Our city can be a difficult place to live in, especially with the high cost of living and the difficulty of developing meaningful relationships. Both of these things lead many people to consider moving elsewhere, especially as they begin families or desire to live a less demanding lifestyle. We wanted to begin with these challenges and acknowledge them for the struggle that they are. In our film, the male character (“Him”) is about to give up on the place where he lives as he says, “I tried - it’s too hard.”

For the Christian, how should we think about where we choose to live? In Acts 17:26, Paul says that God “...made from one man every nation of mankind to live on all the face of the earth, having determined allotted periods and the boundaries of their dwelling place, that they should seek God, and perhaps feel their way toward him and find him. Yet he is actually not far from each one of us.” God puts everyone where He wills, for the purpose of having people find Him. Additionally, for the Christian, God calls us to “seek the welfare of the city where I have sent you into exile, and pray to the LORD on its behalf, for in its welfare you will find your welfare.” Jeremiah wrote this to the people of God who were away from their home in a difficult place to live, and yet asks them to work for the good of the place and people around them.

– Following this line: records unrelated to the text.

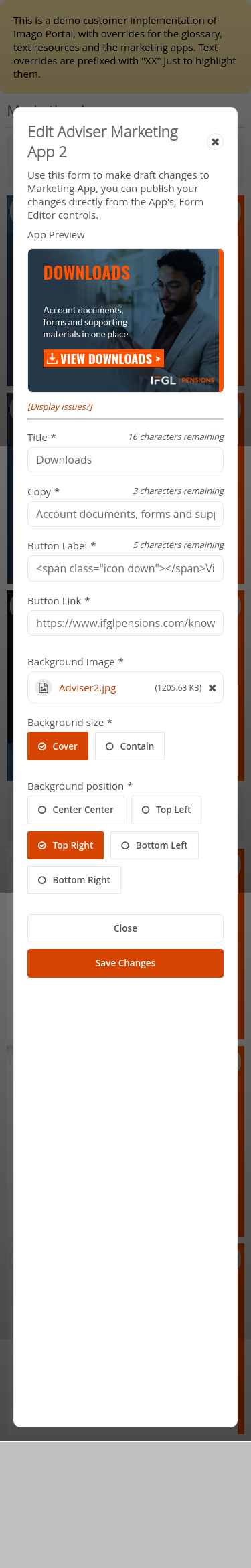 Customer-IFGL > 03 Marketing Dashboard > Edit Marketing Apps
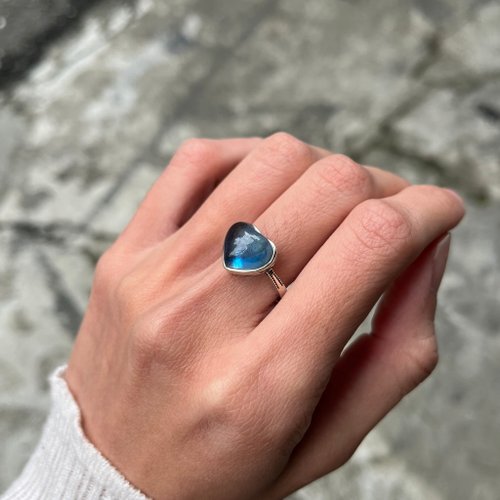 喜迎瑤 喜迎瑤 925銀 海藍寶 天然石 活口 戒指 民族風 復古 男女 嬉皮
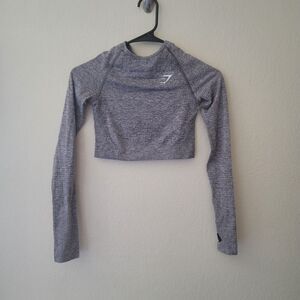 Gymshark Grey Crop Long Sleeve Top Size XS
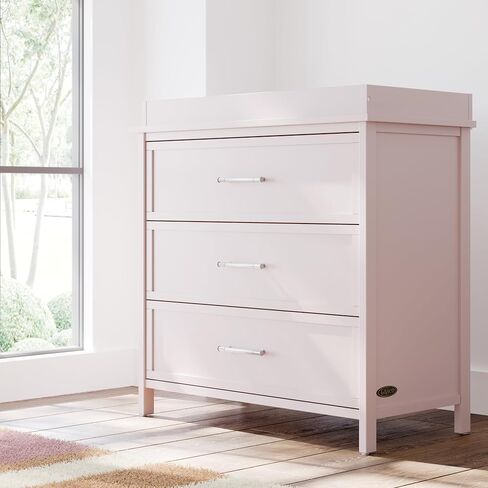 Graco Classic 3 Drawer Changing Table Dresser (Blush) - GREENGUARD Gold Certified Baby Dresser with Changing Table Top, Includes Interlocking Drawer System in Saudi Arabia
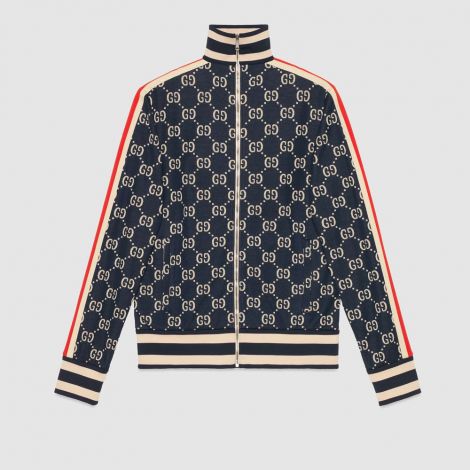 Gucci Eşofman Takımı Jacquard Lacivert - Gucci Sweatshirt Erkek Gg Jacquard Cotton Jacket Esofman Ust Lacivert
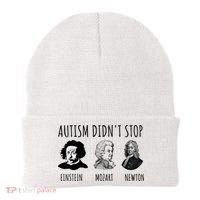 Autism Didn't Stop Einstein Mozart Newton Inspirational Autism Awareness Month Beanie thumb 0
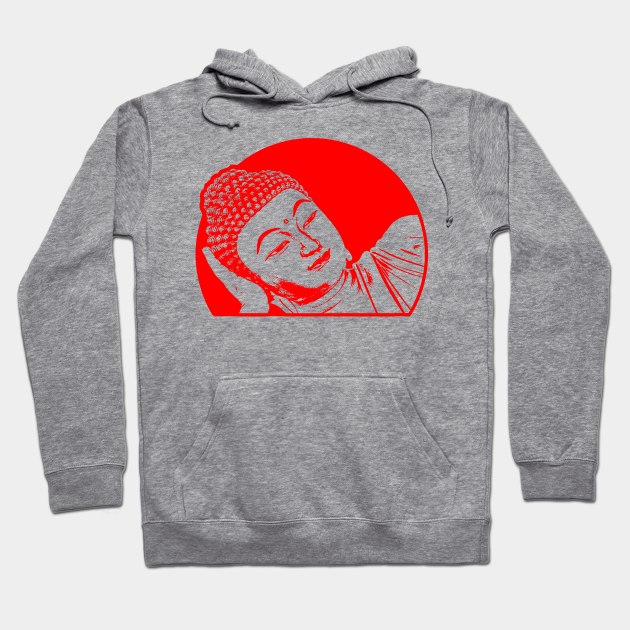 Reclining Buddha Art Red Color Hoodie by Botak Solid Art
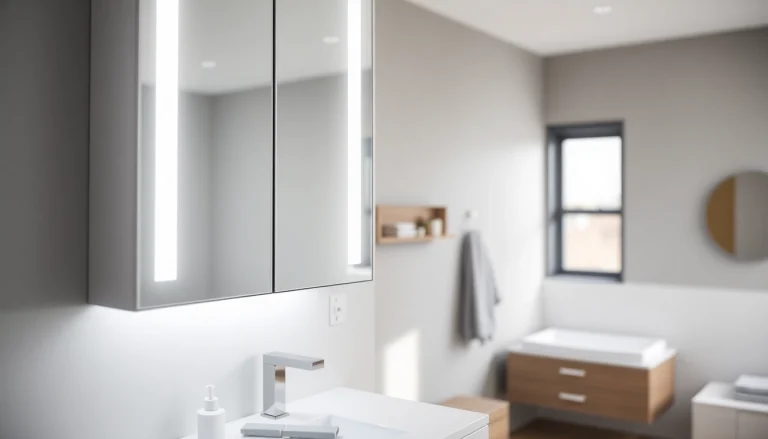Spiegelschrank mit LED Beleuchtung in modernem Badezimmer mit schickem, minimalistischen Design.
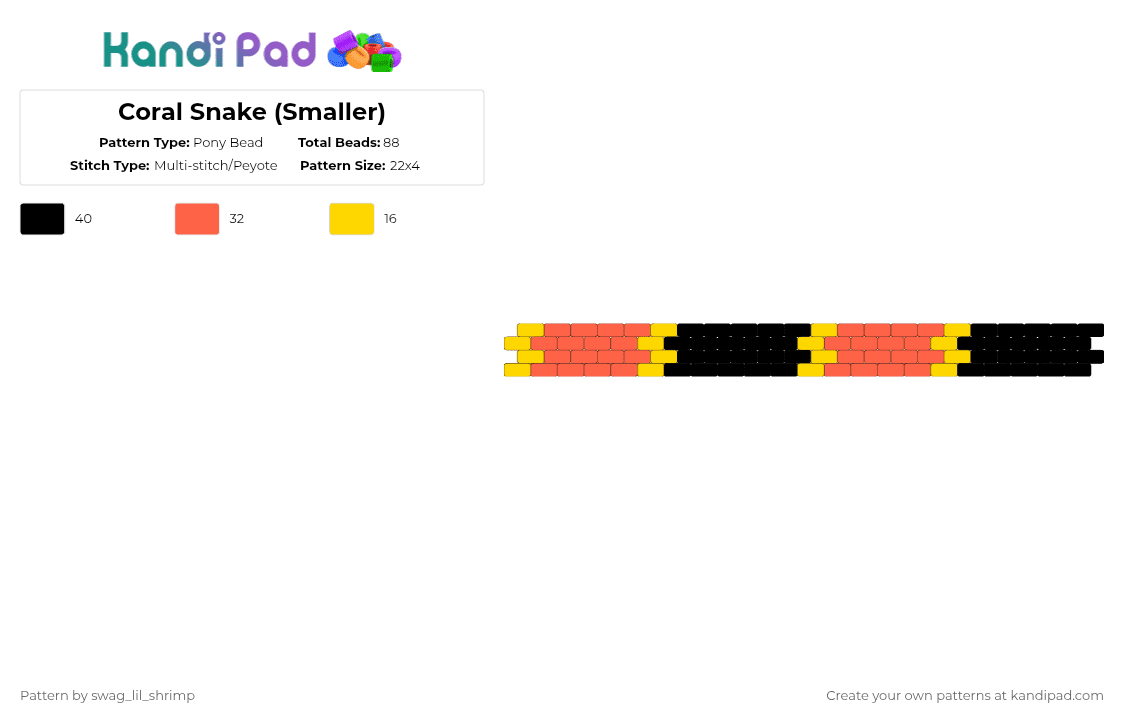 Coral Snake - Pony Bead Pattern by swag_lil_shrimp on Kandi Pad - red,yellow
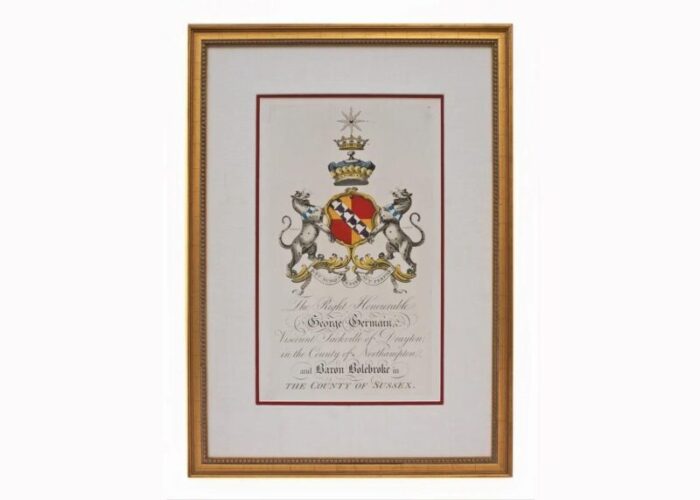 19th century armorial engraving framed coat of arms entryway wall art set of 4 9666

As Christians, we can forget that the call God has for us in the place we are in is not necessarily for our comfort and prosperity. If we seek that and simply use a place for what it provides us,  eventually we empty it of its beauty and find that no place can fulfill our deepest need to belong. In the beginning of the film “He” finds himself at this place and believes that the only response is to leave and try again elsewhere.

There is another way though. The female character (“Her”) first acknowledges the difficulty of the place they both live. This is crucial - the difficulties of a place need to be affirmed as the challenges they are. She gently helps “Him” discover that perhaps he has only been considering his own desires. She then gives “Him” a vision of the beauty of God’s image bearers, the people God has created, wherever they live and whatever they put their hands to. People are, as Tim Keller says, “what God considers the most beautiful sight in his creation,” and they are worth listening to and loving in both word and deed. They are worth being introduced to Jesus.

Attracted to that vision, “Him” responds again that he has tried to stay in this place - but this time asks for help. How does he begin to think less of himself and more about others? How does one find the emotional and spiritual energy for that task? The answer she gives is the Gospel–we first must know the depth of Jesus’ love towards us, and this gives us the strength to love in kind. We follow Jesus’ example, who left his home to become a stranger on the earth–not for his sake, but ours.

This is why we desire to Make Jesus Known. Jesus’ love for us not only changes us inside, but then from that moves us to look outside ourselves towards the needs of others. This is the call for the Christian wherever he finds himself.